Electric Vehicles Pose Huge Challenge for Companies
One of the hardest tasks that faces boards and senior managers of large corporations is to manage the fundamental changes in their industries.
The world is dotted with corporations that didn’t manage that change and therefore run into all sorts of bother. There are a lot more to come. The decline of the Fairfax newspapers in the face of the internet and employment, property and car advertisers is a good example.
One of the biggest changes ahead of us is the electrification of cars and probably other forms of road transport. Accordingly, I was not surprised to see Canada’s Ontario Teachers Union Superannuation fund linking with the KKR private equity group bidding for a network of electric wires via Spark. In contrast I was surprised to see the former Caltex company, Ampol, bidding for Z Energy in New Zealand. Ampol already faces a major task to move from petrol-driven cars to electric cars in Australia and has now substantially increased the task by bidding for the New Zealand company.
We have tended to believe car electrification was a long way off, but it is actually coming very fast. Australia does not make cars anymore, so we are going to follow overseas trends.
In the US major motor makers led by Ford, GM and Stellantis (Chrysler, Fiat Peugeot) plan to achieve half their sales volume via electric vehicles by 2030. Mercedes Benz plans to be all electric by 2030 and from 2025 all Mercedes Benz car designing will be based on electric vehicles.
At the moment China has around 44 per cent of the world's ten million electric vehicles and Europe 31 per cent. America is lagging but very clearly plans to catch up. Until now the business of refuelling cars has been a relatively confined industry because it required a major investment and skills base in fuel tankers and bowsers.
Now, unless they are required for trucks, bowsers will be replaced by electric chargers. The idea will be that as you are charging your car you will go to the convenience store for beverages or food. The trouble is that almost certainly Bunnings and other major retailers will install “electricity bowsers” to refuel cars while people shop, and it will be possible to refuel at home often using solar energy generated from the roof.
Clever households will use their cars as batteries to store power for the house when they are not using the car. They will not go to the old or new car refuelling stations. That is a very big set of changes that establish a whole new set of rivals that Ampol and other conventional petrol retailers will now have to cope with.
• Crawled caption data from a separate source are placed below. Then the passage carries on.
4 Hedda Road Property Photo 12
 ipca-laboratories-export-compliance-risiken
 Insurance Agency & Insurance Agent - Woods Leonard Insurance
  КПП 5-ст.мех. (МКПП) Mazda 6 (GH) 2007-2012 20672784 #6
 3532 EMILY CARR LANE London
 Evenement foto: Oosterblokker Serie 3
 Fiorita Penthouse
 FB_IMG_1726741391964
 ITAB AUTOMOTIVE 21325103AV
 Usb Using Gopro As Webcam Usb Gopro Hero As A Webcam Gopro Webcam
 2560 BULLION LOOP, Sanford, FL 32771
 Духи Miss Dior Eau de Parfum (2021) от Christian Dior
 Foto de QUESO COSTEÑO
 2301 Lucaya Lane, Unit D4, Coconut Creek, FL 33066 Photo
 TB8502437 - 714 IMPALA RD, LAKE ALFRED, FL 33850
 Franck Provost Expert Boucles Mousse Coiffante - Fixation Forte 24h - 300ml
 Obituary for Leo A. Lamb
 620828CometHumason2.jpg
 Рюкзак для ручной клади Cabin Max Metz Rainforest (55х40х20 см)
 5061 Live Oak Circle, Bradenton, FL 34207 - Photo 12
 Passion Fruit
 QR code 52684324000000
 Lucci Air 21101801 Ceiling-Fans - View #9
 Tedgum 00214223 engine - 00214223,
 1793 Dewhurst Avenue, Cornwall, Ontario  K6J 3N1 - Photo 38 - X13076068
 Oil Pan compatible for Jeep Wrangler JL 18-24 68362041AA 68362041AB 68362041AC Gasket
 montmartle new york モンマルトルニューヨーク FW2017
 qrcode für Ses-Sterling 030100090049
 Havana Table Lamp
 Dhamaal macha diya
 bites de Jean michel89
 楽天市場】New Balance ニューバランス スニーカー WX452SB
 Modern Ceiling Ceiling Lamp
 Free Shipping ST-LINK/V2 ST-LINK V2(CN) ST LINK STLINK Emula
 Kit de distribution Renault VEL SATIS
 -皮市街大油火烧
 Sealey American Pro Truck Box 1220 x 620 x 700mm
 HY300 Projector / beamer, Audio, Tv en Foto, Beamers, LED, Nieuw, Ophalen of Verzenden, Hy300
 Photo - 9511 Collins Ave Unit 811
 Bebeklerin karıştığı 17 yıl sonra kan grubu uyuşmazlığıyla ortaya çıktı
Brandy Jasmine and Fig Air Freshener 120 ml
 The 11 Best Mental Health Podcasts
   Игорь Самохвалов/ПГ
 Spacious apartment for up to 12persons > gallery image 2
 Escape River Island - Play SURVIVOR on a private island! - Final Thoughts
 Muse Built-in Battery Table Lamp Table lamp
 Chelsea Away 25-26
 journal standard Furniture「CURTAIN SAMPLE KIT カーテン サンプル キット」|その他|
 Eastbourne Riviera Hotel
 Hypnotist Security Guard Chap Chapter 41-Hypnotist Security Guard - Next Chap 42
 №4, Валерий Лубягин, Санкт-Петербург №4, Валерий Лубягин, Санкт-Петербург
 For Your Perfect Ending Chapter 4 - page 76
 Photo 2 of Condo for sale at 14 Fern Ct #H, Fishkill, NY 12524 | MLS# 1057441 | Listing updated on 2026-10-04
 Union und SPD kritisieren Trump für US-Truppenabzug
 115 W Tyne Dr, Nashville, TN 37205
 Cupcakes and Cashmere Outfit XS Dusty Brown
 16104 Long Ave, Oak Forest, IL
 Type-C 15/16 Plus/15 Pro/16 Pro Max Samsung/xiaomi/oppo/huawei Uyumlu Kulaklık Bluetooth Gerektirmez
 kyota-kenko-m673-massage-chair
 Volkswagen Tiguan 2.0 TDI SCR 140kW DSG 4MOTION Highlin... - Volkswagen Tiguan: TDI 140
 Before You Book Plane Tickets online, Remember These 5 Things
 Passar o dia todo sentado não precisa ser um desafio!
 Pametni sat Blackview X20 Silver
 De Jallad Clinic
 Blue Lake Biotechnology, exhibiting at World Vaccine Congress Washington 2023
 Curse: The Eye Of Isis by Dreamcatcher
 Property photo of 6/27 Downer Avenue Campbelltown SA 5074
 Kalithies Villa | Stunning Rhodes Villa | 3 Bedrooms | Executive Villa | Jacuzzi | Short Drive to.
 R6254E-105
Clearly Ampol believes there will be economies of scale and they can maintain a major market share of the car refuelling business even though we are moving from petrol to electricity. Maybe they are right, but it clearly requires a set of strategies that carry some risk for shareholders. The risk is expanded by the NZ takeover.
Telstra has looked at this market and decided that it wants to use its database strength to distribute power along with its internet and telecommunications services. The CBA is looking at power retailing, albeit at a very embryonic stage.
Suddenly Ampol is competing with electricity retailers who will devise ways to integrate cars into their networks. Ampol can’t respond easily to that threat because its databases are not strong. This is a fundamental change both to the world and Australia and there will be many corporations, like Ampol, who believe they can adapt their business to turn electrification into a winning situation.
But for everyone who gets it right there will almost certainly be some that get it wrong.
On the global stage there is an even bigger transformation taking place in China. Indeed, I think that the next phase of the Chinese revolution will be as big a story in the next decade as decarbonisation and the next stages of internet development.
The first stage of the Chinese revolution came when Mao Tse-tung implemented the vicious Cultural Revolution as part of the communist manifesto. Then came the next stage when China began to move along western lines and dramatically increased its economic size and technology base. It was a second great transformation.
Now Xi Jinping is recalling that his father was an original disciple of the basic communist manifesto. Accordingly he is now swinging China back to a set of policies that do not have the extreme features of the world of Mao but are nevertheless very different to the China that was being westernised.
China’s emphasis on education caused it to emerge as a global leader in the high quality teaching of mathematics and science via highly skilled tutoring by listed companies that charged large fees to make sure that Chinese children achieved high grades.
The tutoring is being disbanded by Xi because it is unfair to lower income people.
There has been a substantial clampdown on social media and indeed all media needs to be cognisant of the need to promote Chinese talent and good artistic works. China has changed the rules for its high-tech companies and the Communist Party has effectively taken control of their databases and told them that it has become their responsibility to act in a way the benefits the society.
Xi Jinping is trying to take China back to a soft version of the China that existed to the years subsequent to 1949. Australians have benefited from trading in iron ore which has often boosted the price but now speculation is not encouraged. I think it is going to be very difficult to restore our Chinese tourism and education industries because China is heading in a different direction. On the Australian front the most immediate aim of China was to reduce the iron ore price and they were successful.
Like the motor electrification experience, China is going to be a bumpy ride. It is likely that the rate of growth we have come to expect from China will slacken. And those buying from China will need to understand that their suppliers are in a different environment. China does not respect Australia and will not tolerate being lectured by the Australian government. It is also more aggressive. These will be big challenges for Australia.